Scaling
One engine. Three tiers. Same files, same API. Run it on a laptop for development, a single commodity server for production, or across many servers for global scale — Brainy + Cor is the same code at every step.
There is no managed-service tier and no required coordinator. The engine is local Rust + local files, and "going bigger" means adding hardware, not adopting a different product. This page covers what fits at each tier and how to compose multiple instances when one machine isn't enough.
At a glance
| Tier | Hardware | Capacity |
|---|---|---|
| Single laptop | 16-64 GB RAM, 1-4 TB NVMe | 1 billion+ entities |
| Single commodity server | Ryzen 9 / 64 GB DDR5 / 4 TB NVMe Gen 4 | 10 billion+ entities |
| Multiple machines | Independent servers, hash-sharded | Effectively unbounded |
Moving up a tier is rsync plus restart at the single-machine side, and adding
a routing layer at the horizontal side. The Brainy API doesn't change — your
code looks the same whether you're running one instance or 256.
Single machine
The default unit of deployment is one Brainy instance (the data layer — JSON files on disk) plus one Cor accelerator (the native Rust engine that runs SIMD distance, mmap-backed indexes, and the DiskANN search graph). Together they handle workloads that would normally require a dedicated database cluster.

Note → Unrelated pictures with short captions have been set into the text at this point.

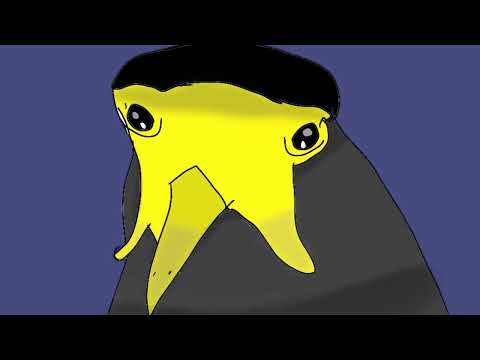 Noot Noot but Plover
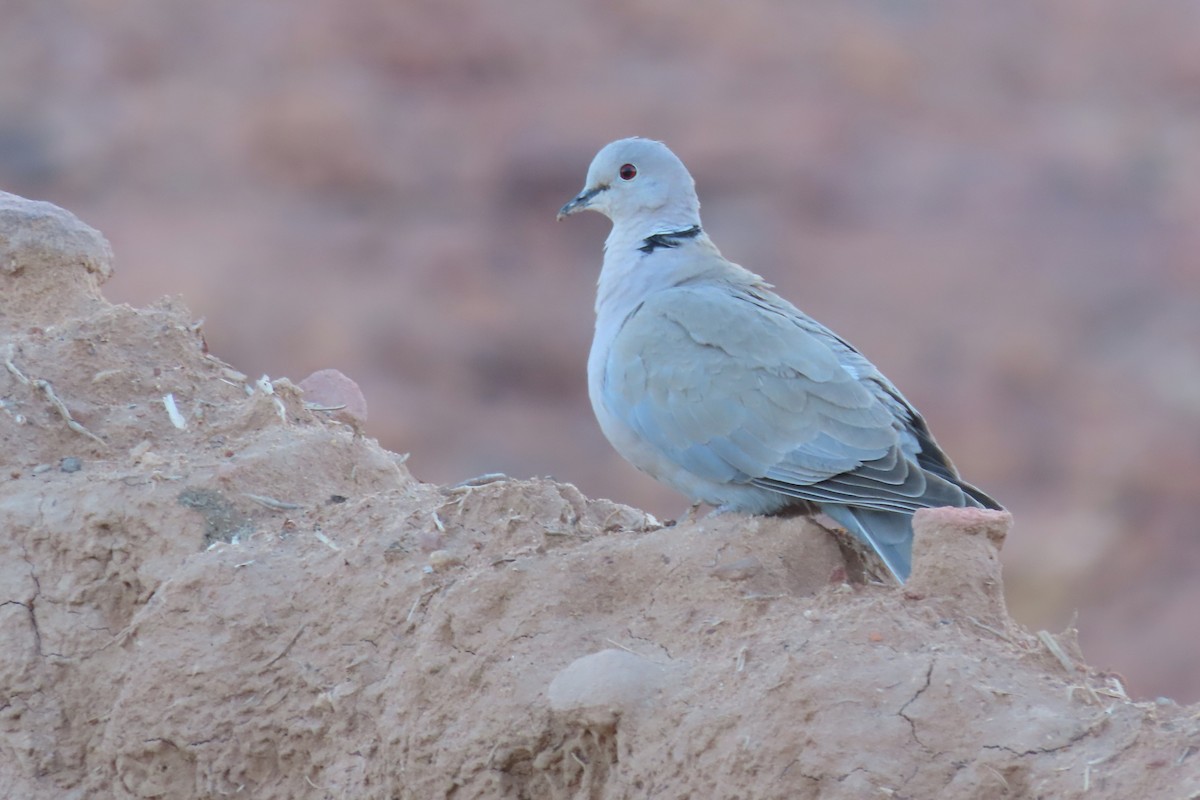 Eurasian Collared-Dove - ML621161744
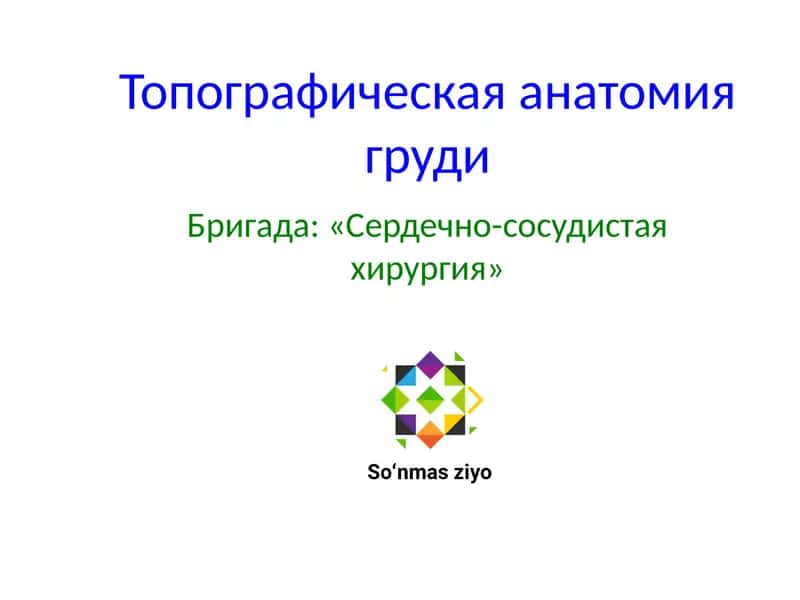 Топографическая анатомия груди 1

Everything stays local: data, vectors, metadata, query engine. No network hops at query time. No third party that can take your database down. Your only operational concern is the machine itself.
Multi-tenant density on one machine
A typical deployment runs 10–200 Brainy instances inside one Node.js process on a single VM. Each instance has its own data directory on SSD plus its own indexes, and Cor manages what's shared and what's isolated:
| Component | Scope | Memory |
|---|---|---|
| Embedding model (all-MiniLM-L6-v2) | Shared singleton | 88 MB, loaded once |
| SIMD distance calculations | Shared | Zero per-instance cost |
| UnifiedCache (eviction engine) | Shared singleton | Dynamic — adapts to instance count |
| HNSW vector index | Per-instance | ~700 bytes per entity |
| Metadata inverted index | Per-instance | ~300 bytes per entity |
| Entity ID mapper | Per-instance | ~56 bytes per entity |
| Graph adjacency (LSM-trees) | Per-instance | Mmapped — kernel manages pages |
| Storage adapter | Per-instance | Minimal (file handles) |
Adaptive resource manager
Cor observes system resources and adjusts memory budgets in real time. No configuration required — it detects VM size, container limits (cgroups v1/v2), and active instance count automatically.

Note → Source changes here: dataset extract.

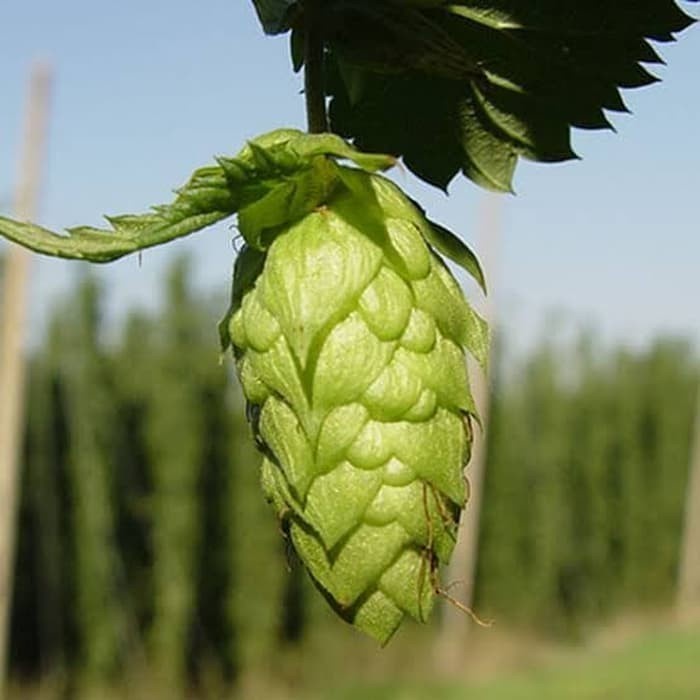 

Imatton hops pellet home brew beer Hüll Melon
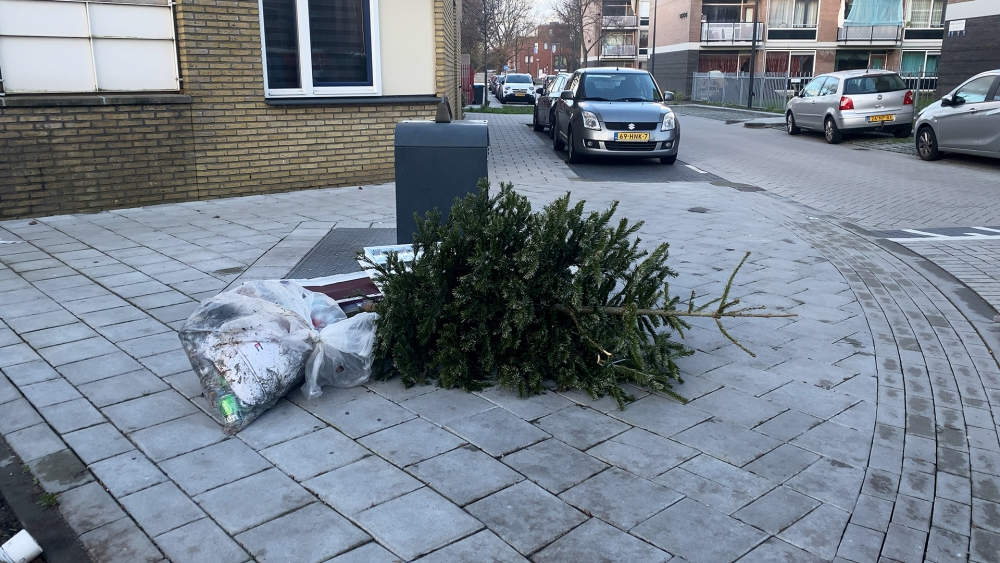 Ondanks de inleverpunten werden de kerstbomen dit jaar overal gedumpt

What it observes: total and free system memory, container memory limits, process RSS and heap usage, number of active Brainy instances, per-instance entity counts.
What it decides: cache budget (shrinks dynamically as more instances are loaded), memory pressure level (normal / elevated / critical), eviction candidates (weighted by idle time × memory usage, so large idle instances are evicted before small active ones).
Memory-mapped storage
Cor's MmapFileSystemStorage extends Brainy's filesystem storage with
zero-copy binary I/O. The Rust native layer memory-maps data files via
memmap2, letting the Linux kernel manage which pages stay in RAM.
What mmap provides:
- Vector index: the entire HNSW graph (vectors + connections) is stored
as a single binary
.hnswfile, memory-mapped for zero-copy reads. Search traverses the graph directly on mmap'd pages — no JSON parsing, no gzip decompression, no heap allocation. The kernel manages which pages stay in RAM. - Graph adjacency SSTables: four LSM-trees for relationship data are memory-mapped. Read-only pages are automatically paged out under memory pressure.
- Dual-mode search: after
flush(), search reads vectors from mmap pages (zero-copy). During active mutations, the existing in-memory engine handles search. Maximum density between mutations, mutation speed preserved.
On a 16 GB VM with a 200 GB SSD, you can effectively manage 200 GB of brainy data with only the hot working set in RAM. The SSD acts as an extension of memory, managed by the Linux kernel with no application-level complexity. An idle tenant's data is automatically paged out by the kernel — no explicit eviction needed.
Instant suspend & resume
Because each Brainy instance has its own isolated data directory, Cor can evict instances from memory and reload them later without data loss:
- Eviction:
brain.close()flushes any pending writes to SSD, then frees all in-memory structures. - Data persists: the data directory on SSD remains intact.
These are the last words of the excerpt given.